2021-02-01lei_xsearch: load PublicInbox::Smsg
We use $smsg->populate here, so ensure it's loaded although PublicInbox::Search currently loads it.
2021-02-01lei_dedupe: use Digest::SHA
While it's loaded by ContentHash, we use Digest::SHA directly in this package for smsg and OID-only deduplication.
2021-02-01lei: keep $lei around until workers are reaped
This prevents SharedKV->DESTROY in lei-daemon from triggering before DB handles are closed in lei2mail processes. The {each_smsg_not_done} pipe was not sufficient in this case: that gets closed at the end of the last git_to_mail callback invocation.
2021-02-01sharedkv: release {dbh} before rmtree
This may be needed to avoid warnings/errors when operating in single process mode in the future.
2021-02-01lei: remove syslog dependency
It doesn't seem necessary now that we redirect and write stuff to errors.log, which gets checked every run.

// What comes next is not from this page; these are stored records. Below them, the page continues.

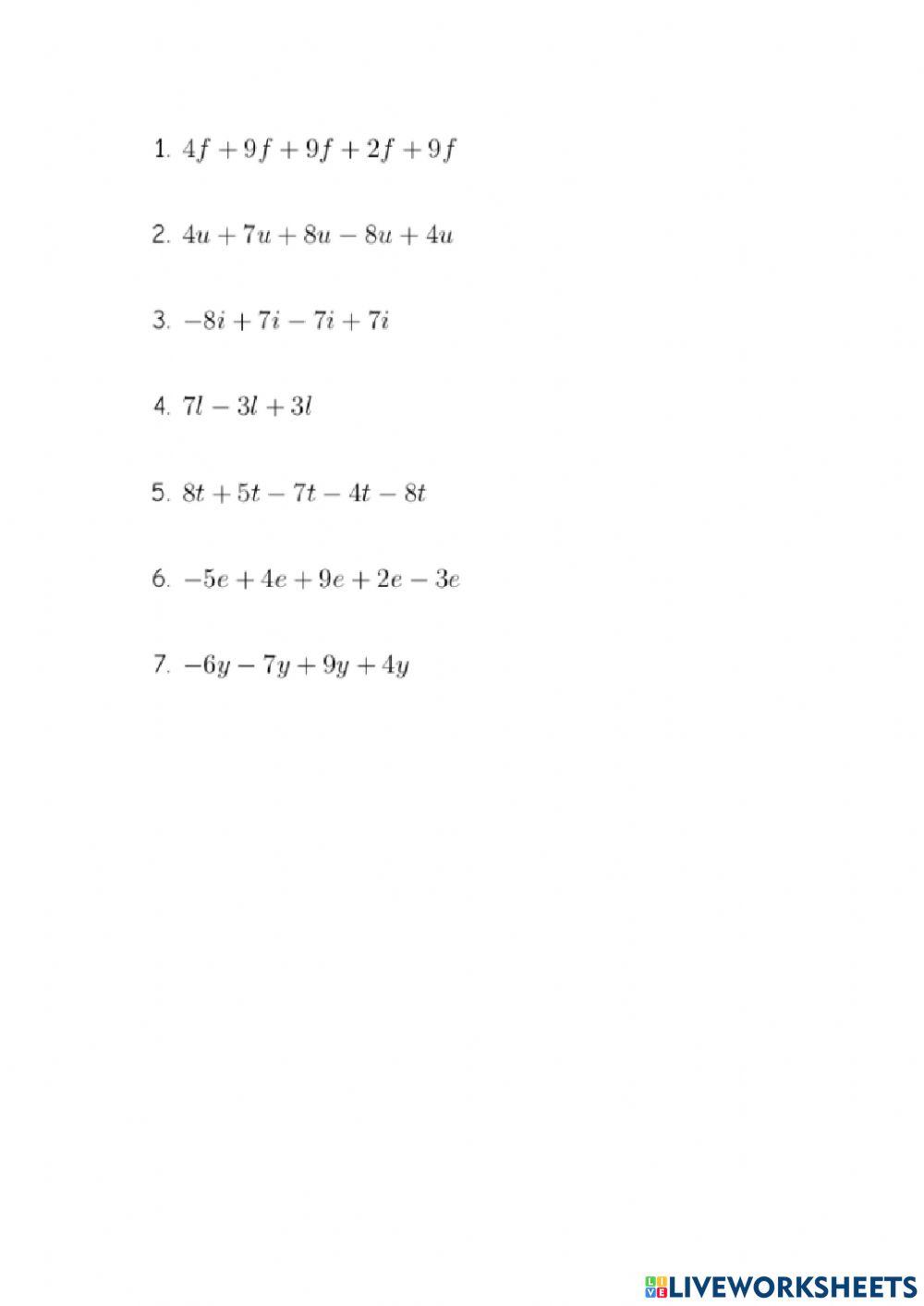 Collecting like term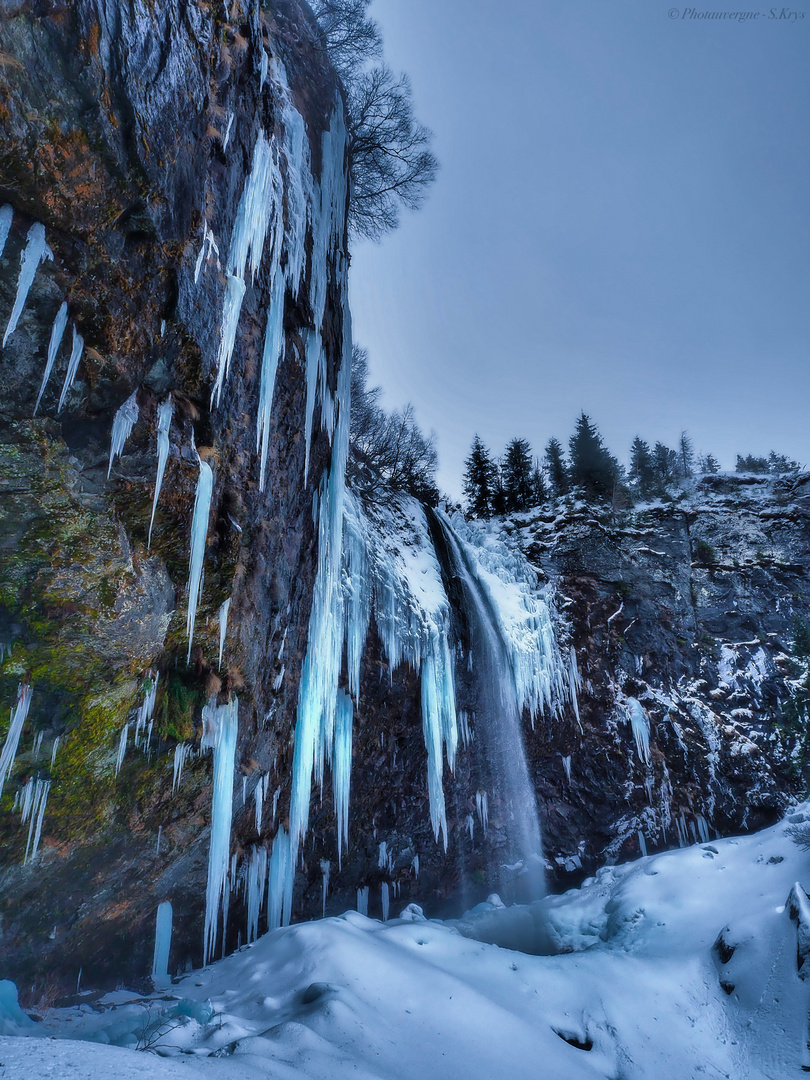 Cascade de glace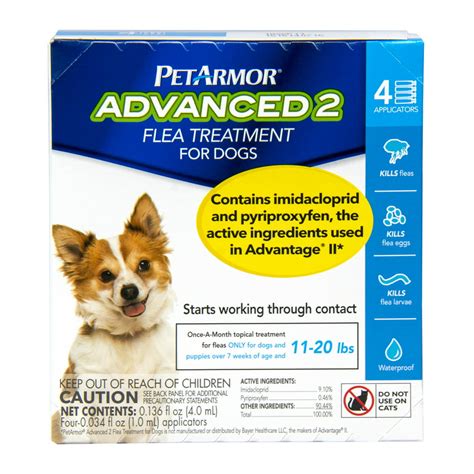 Petarmor Advanced 2 Flea Treatment For Dogs Medium Dog 4 Treatments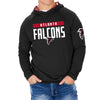 Zubaz NFL Men's Light Weight Team Color Hoodie With 3 Tone Zebra Lined Hood, Great Play Logo, Atlanta Falcons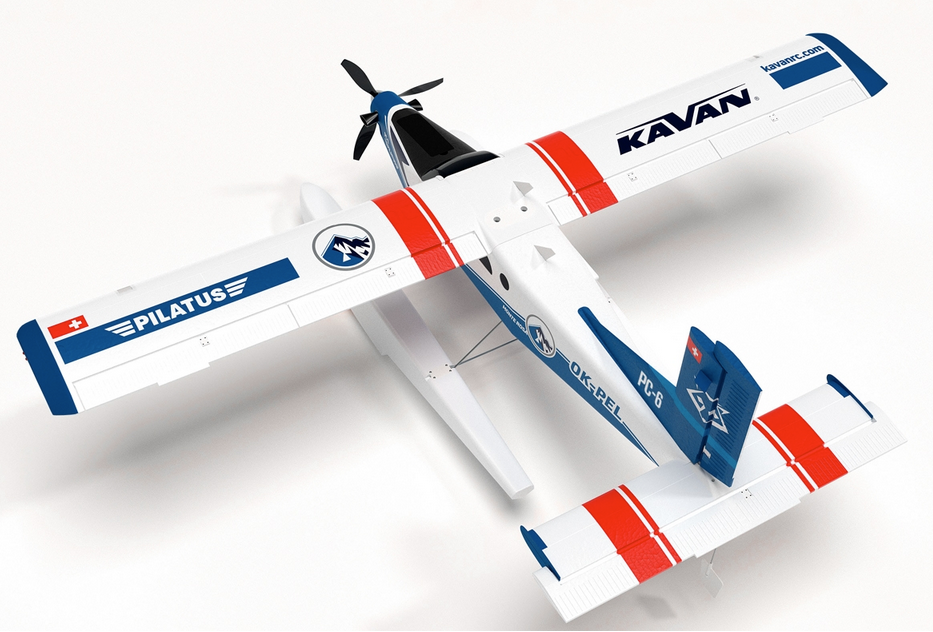 Pilatus PC-6 Porter 1500mm Bleu PNP Kavan Débutant / Trainer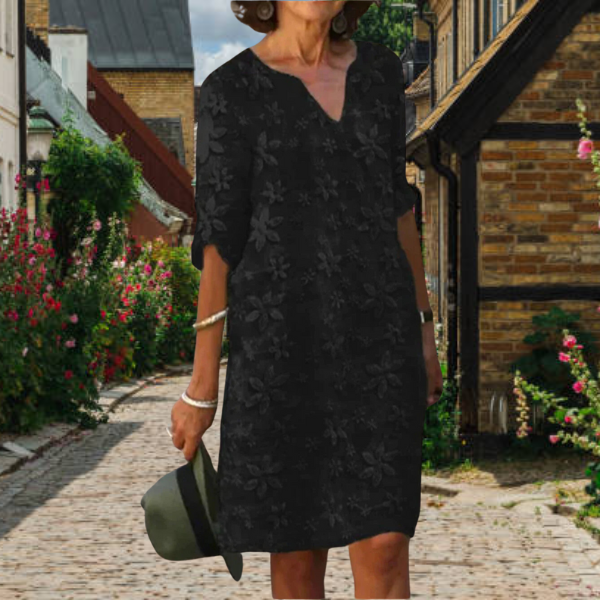 Elegantes Festliches Damenkleid Amber mit V-Ausschnitt-2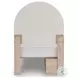 Shapella Tan And White Twin Upholstered Panel Bed with Storage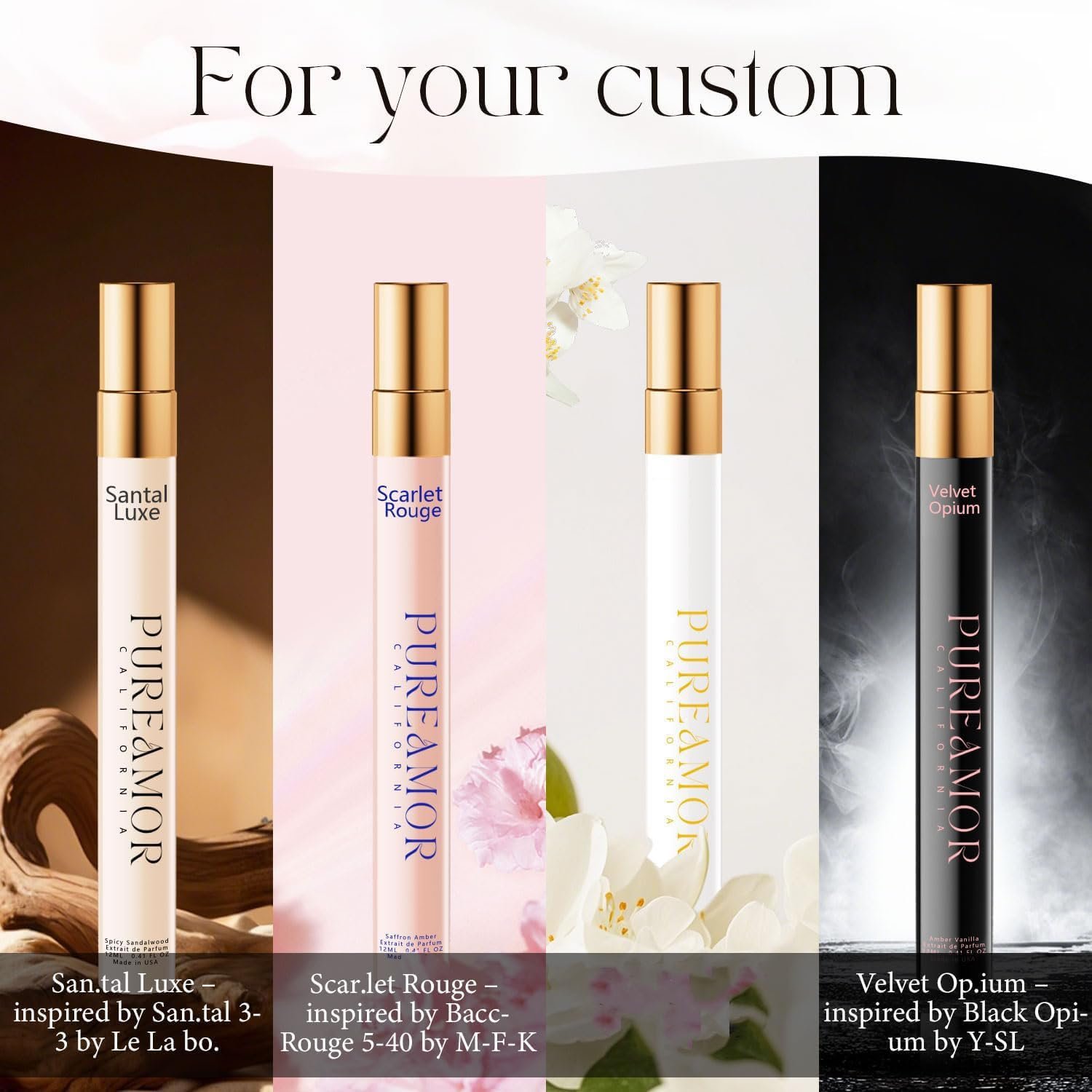 Pheromones Perfumes for Women, Amber Vanilla Perfume, Long Lasting Eau De Parfum Cologne, Enhanced Scents Pheromone Cologne for Men&Women, 0.41 fl.oz Travel Size Perfumes Spray (Velvet Opium) - Image 4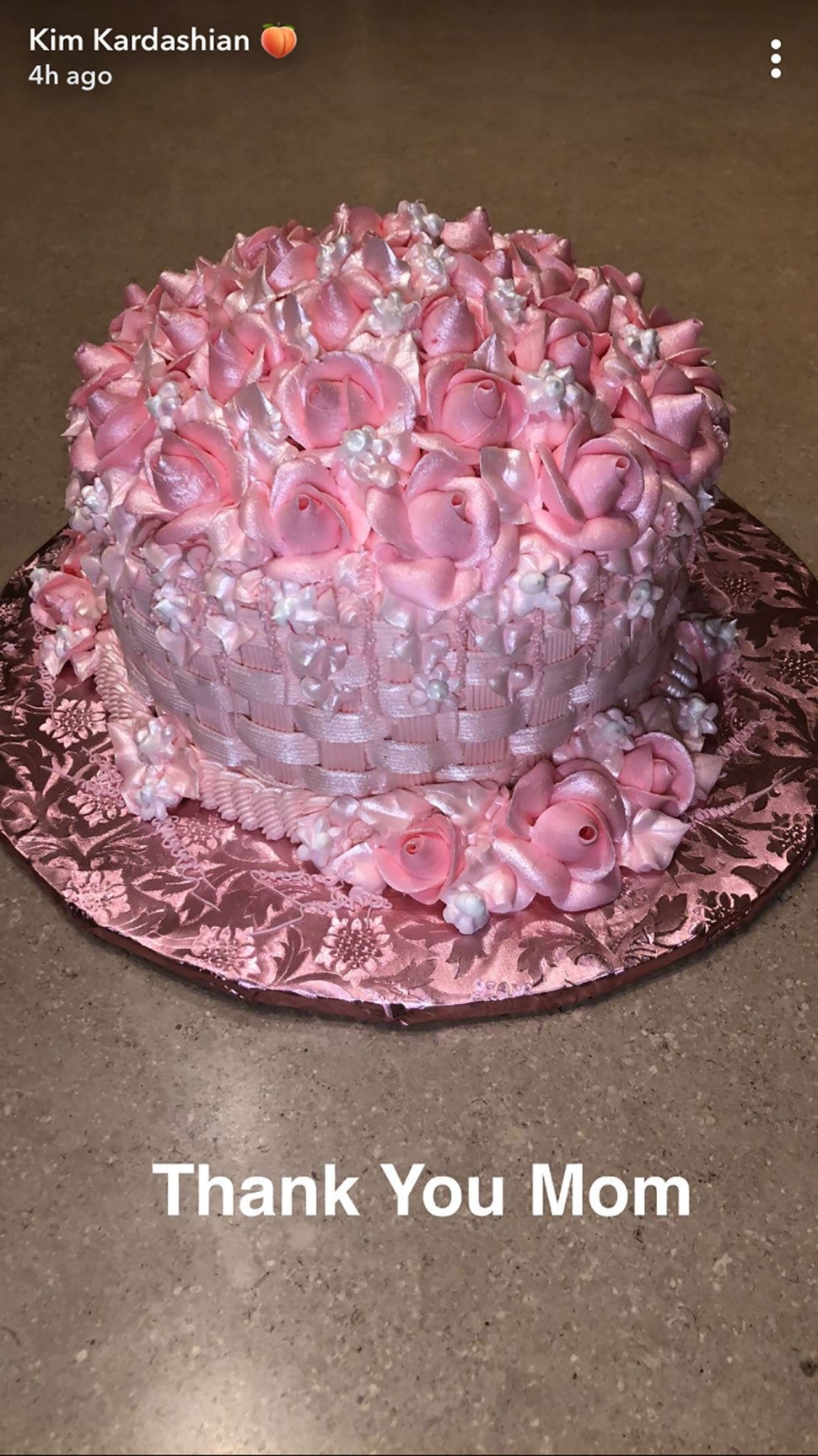 Kim Kardashian cake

2021-02-01ipc: more helpful ETOOMANYREFS error messages
ETOOMANYREFS is probably a unfamiliar error to most users, so give a hint about RLIMIT_NOFILE. This can be hit on my system running 3 simultaneous queries with my system default limit of 1024. There's also no need to import Errno constants for uncommon errors, so we'll stop using Errno, here. We'll also try to bump RLIMIT_NOFILE as much as possible to avoid this error.
2021-02-01lei: remove SIGPIPE handler
It doesn't save us any code, and the action-at-a-distance element was making it confusing to track down actual problems. Another potential problem was keeping references alive too long. So do like we would a C100K server and check every write while still ensuring lei(1) exit with a proper SIGPIPE iff needed.